Espanha. Funcionário elogiado pela calma após acidente: "Confiem em nós"
- 20/01/2026
Os passageiros de um dos vagões afetados pelo acidente ferroviário que ocorreu no domingo, em Adamuz, Córdoba, gravaram as instruções de um funcionário nos momentos a seguir à tragédia, que é uma das mais devastadoras de Espanha. O vídeo está a ser partilhado nas redes sociais.
"Quando considerarmos seguro sair, sairemos. Agora, é mais seguro ficar dentro do comboio", ouve-se o funcionário dizer, de forma calma, aos passageiros.
E continuou: "Não sabemos as condições das vias em nenhum dos lados. Estejam preparados e, por favor, confiem em nós. Temos muitos anos de experiência".
De notar que calma do funcionário, com um colete refletor da empresa Iryo, tem sido muito elogiada um pouco por toda a internet.
O homem referiu ainda que qualquer rebeldia não iria "adiantar" e que, por isso, era necessário trabalhar em conjunto. "Se quiser ficar de olho na pessoa ao lado ou atrás ou até de um grupo, tudo bem, mas, acima de tudo, fiquem juntos e atentos", disse.
E alertou: "Cuidado com as baterias dos telemóveis e lanternas porque vocês vão precisar, ok? Precisamos da cooperação de todos".
O funcionário questionou ainda se algum dos passageiros era médico por forma a ajudar quem precisasse, pedindo também para que as pessoas ficasse sentadas.
Recorde-se que o acidente ocorreu por volta das 19h45 de domingo, no município de Adamuz e envolveu dois comboios de alta velocidade, um da empresa privada Iryo (que tinha saído de Málaga e tinha como destino Madrid), e outro da empresa pública Renfe (que seguia em sentido contrário, desde Madrid para Huelva, perto da fronteira com Portugal, com o Algarve).
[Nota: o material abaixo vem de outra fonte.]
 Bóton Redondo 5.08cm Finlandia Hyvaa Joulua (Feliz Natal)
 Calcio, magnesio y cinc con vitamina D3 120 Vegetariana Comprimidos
Os três últimos vagões do comboio da Iryo colidiram com os dois primeiros vagões do comboio da Renfe, que foram projetados e caíram por um aterro de cerca de quatro metros.
Sánchez decreta três dias de luto em Espanha
"Hoje é um dia de luto por toda a Espanha. Os nossos pensamentos estão com as vítimas e com as suas famílias", disse o primeiro-ministro espanhol, Pedro Sánchez, numa conferência de imprensa, realizada no local do acidente, onde também destacou o trabalho dos serviços de emergência.
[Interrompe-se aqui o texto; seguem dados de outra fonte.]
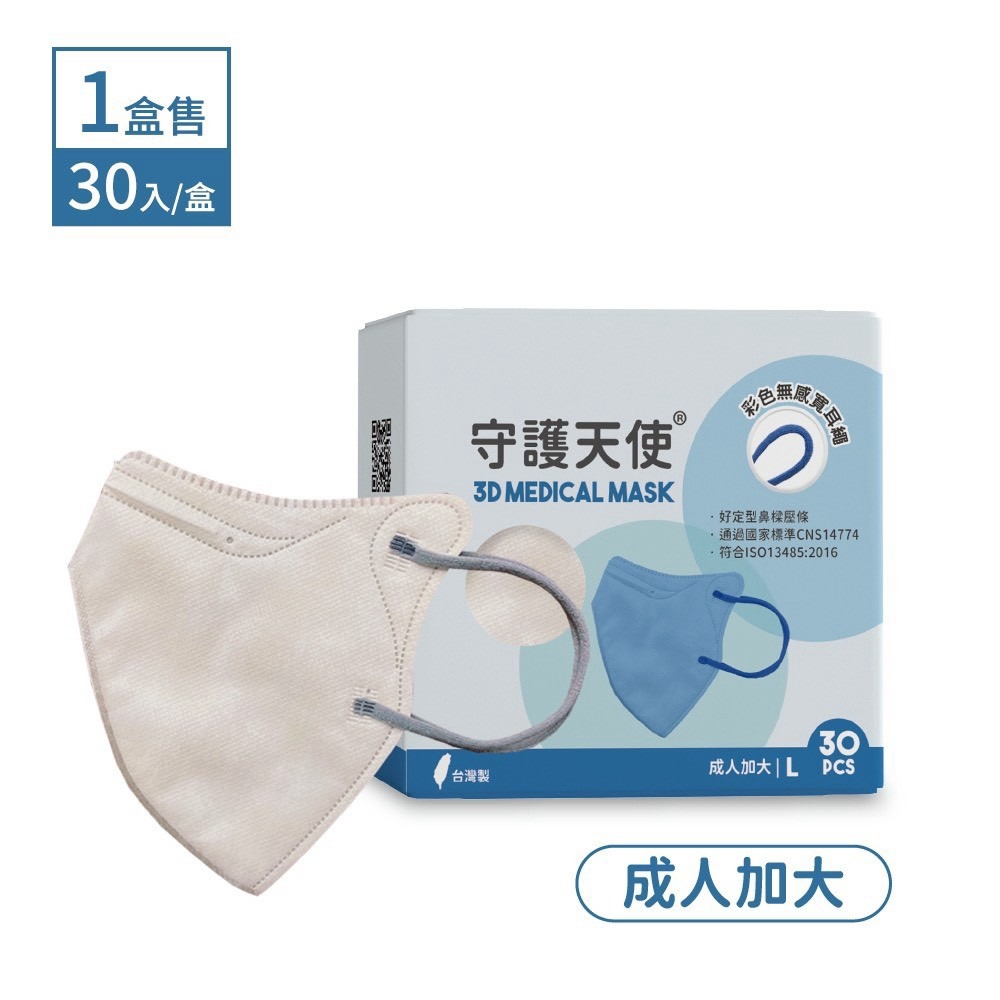 守護天使 成人3D醫用口罩 耳繩款 30入 L 大昕藥局-規格圖4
E acrescentou: "Perguntamo-nos o que é que aconteceu e como é que aconteceu. O tempo e o trabalho dos especialistas dar-nos-ão as respostas. Vamos descobrir a verdade com total transparência e torná-la pública".
Pedro Sánchez decretou três dias de luto nacional, que começam às 00h00 de hoje e terminam às 24h00 de quinta-feira, prometendo estar ao lado das vítimas deste acidente ferroviário, que é já considerado um dos mais devastadores da história de Espanha.
O que se sabe?
De recordar que há, pelo menos, 39 vítimas mortais e dezenas de passageiros hospitalizados, incluindo crianças.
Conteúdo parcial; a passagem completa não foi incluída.